---- Records provided
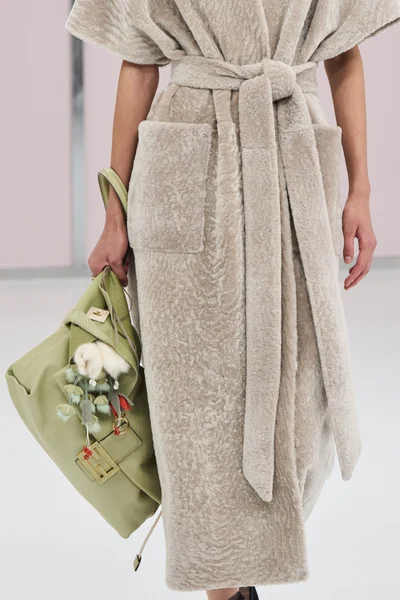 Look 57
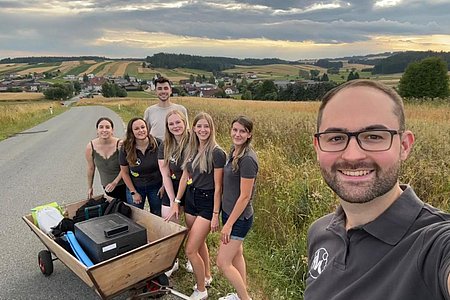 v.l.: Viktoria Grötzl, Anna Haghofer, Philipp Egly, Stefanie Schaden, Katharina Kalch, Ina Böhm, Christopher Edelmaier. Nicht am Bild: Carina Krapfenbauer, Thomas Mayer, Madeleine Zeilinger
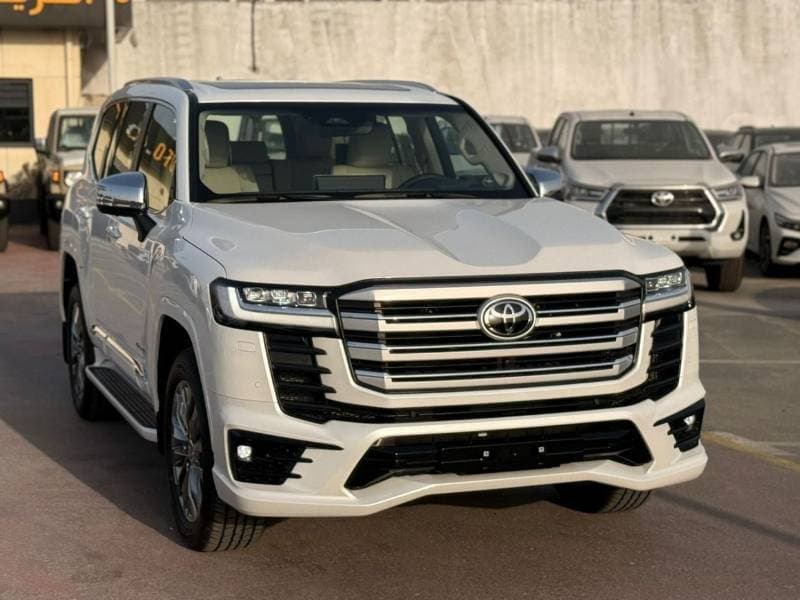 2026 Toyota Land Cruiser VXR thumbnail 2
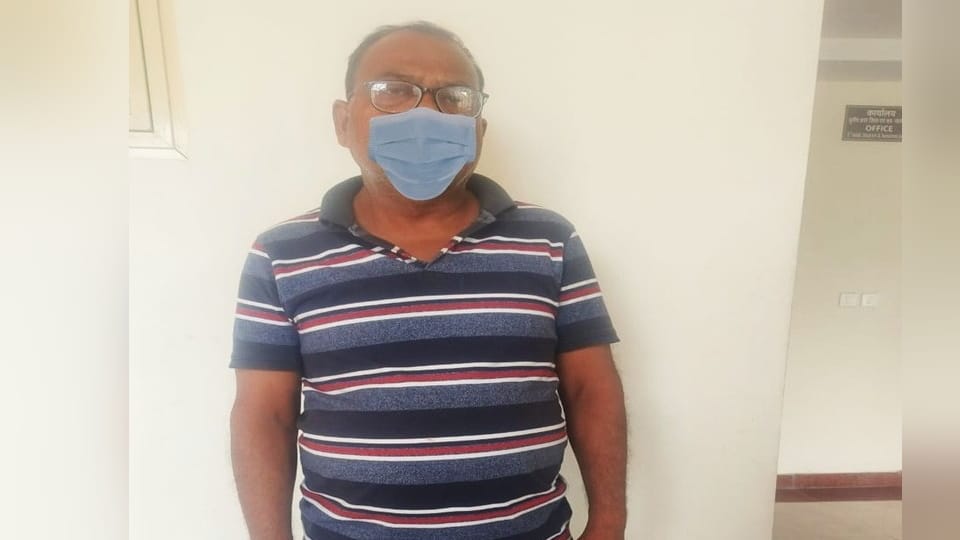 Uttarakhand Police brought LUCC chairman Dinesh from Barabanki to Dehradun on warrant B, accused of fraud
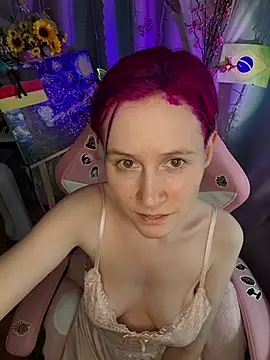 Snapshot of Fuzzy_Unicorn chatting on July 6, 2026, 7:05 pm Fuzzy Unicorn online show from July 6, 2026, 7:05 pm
--------
---- Records provided
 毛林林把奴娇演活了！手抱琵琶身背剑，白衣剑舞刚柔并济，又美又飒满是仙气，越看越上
--------
Directions for this task
Set the pictures aside and reproduce exactly the lines above, from the line holding "Uttarakhand Police brought" through the line holding "Snapshot of Fuzzy_Unicorn", both included, with nothing else.

Output for this exercise
 Uttarakhand Police brought LUCC chairman Dinesh from Barabanki to Dehradun on warrant B, accused of fraud
 Snapshot of Fuzzy_Unicorn chatting on July 6, 2026, 7:05 pm Fuzzy Unicorn online show from July 6, 2026, 7:05 pm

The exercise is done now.